# The data
------------------------------

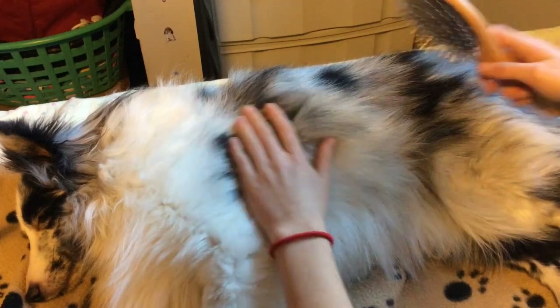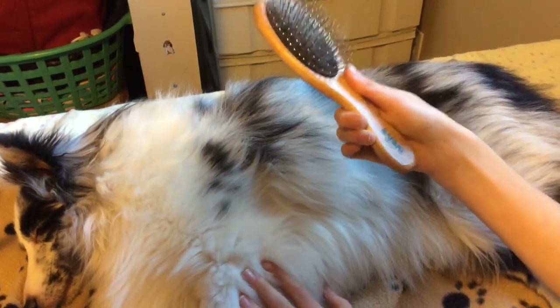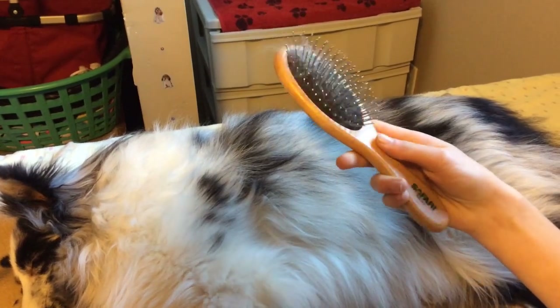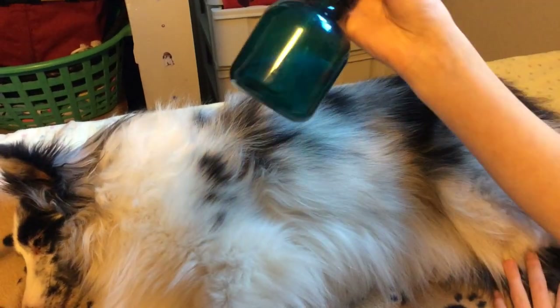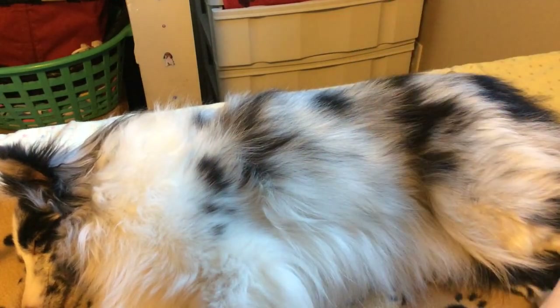You're going to want to have a brush like this. I'm not exactly sure what it's called — I've heard people call it a show brush or a bristle brush. You just need a brush like this. And this is completely optional, but you can have a spray bottle. This just has water in it that I use sometimes if I can't hold the hair up.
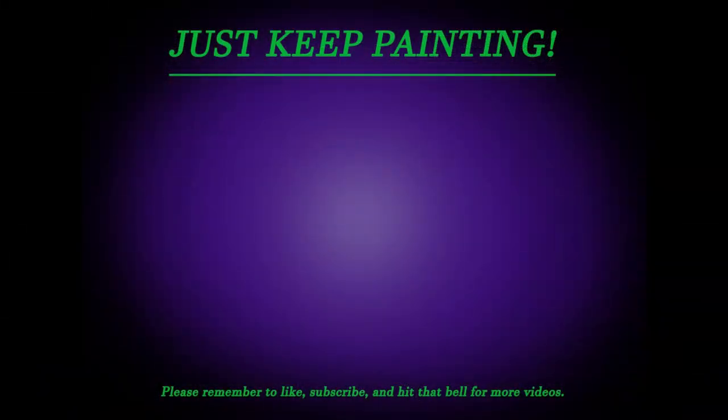So what did you guys think of my take on the Medusonia? Did you like it? Let me know in the comments section down below. I hope you enjoyed this video. Don't forget to like, share, subscribe to the channel — it really helps out a lot. I'm out of here for now. Remember, just keep painting peeps. See you later, take care.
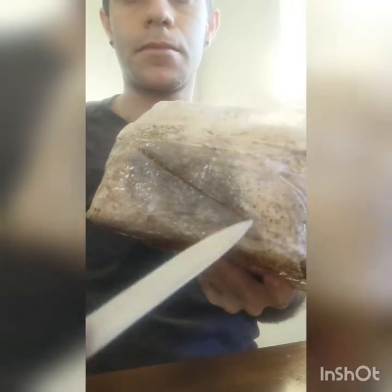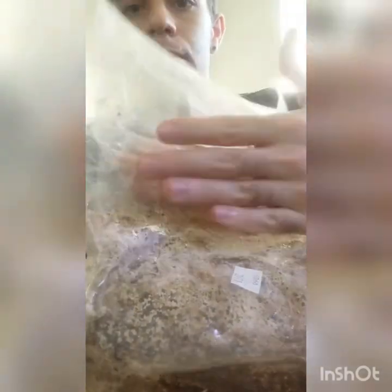As soon as we do that, we want to make sure that we remove all the air in the bag, so that fresh oxygen comes into the package and activates the mycelium, so that we can start getting those fruiting pins or baby mushrooms.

------------------------------

# Aim of the exercise
Output the listing above exactly, but leave its pictures behind.

# Response area
You're going to want to have a brush like this. I'm not exactly sure what it's called — I've heard people call it a show brush or a bristle brush. You just need a brush like this. And this is completely optional, but you can have a spray bottle. This just has water in it that I use sometimes if I can't hold the hair up.
So what did you guys think of my take on the Medusonia? Did you like it? Let me know in the comments section down below. I hope you enjoyed this video. Don't forget to like, share, subscribe to the channel — it really helps out a lot. I'm out of here for now. Remember, just keep painting peeps. See you later, take care.
As soon as we do that, we want to make sure that we remove all the air in the bag, so that fresh oxygen comes into the package and activates the mycelium, so that we can start getting those fruiting pins or baby mushrooms.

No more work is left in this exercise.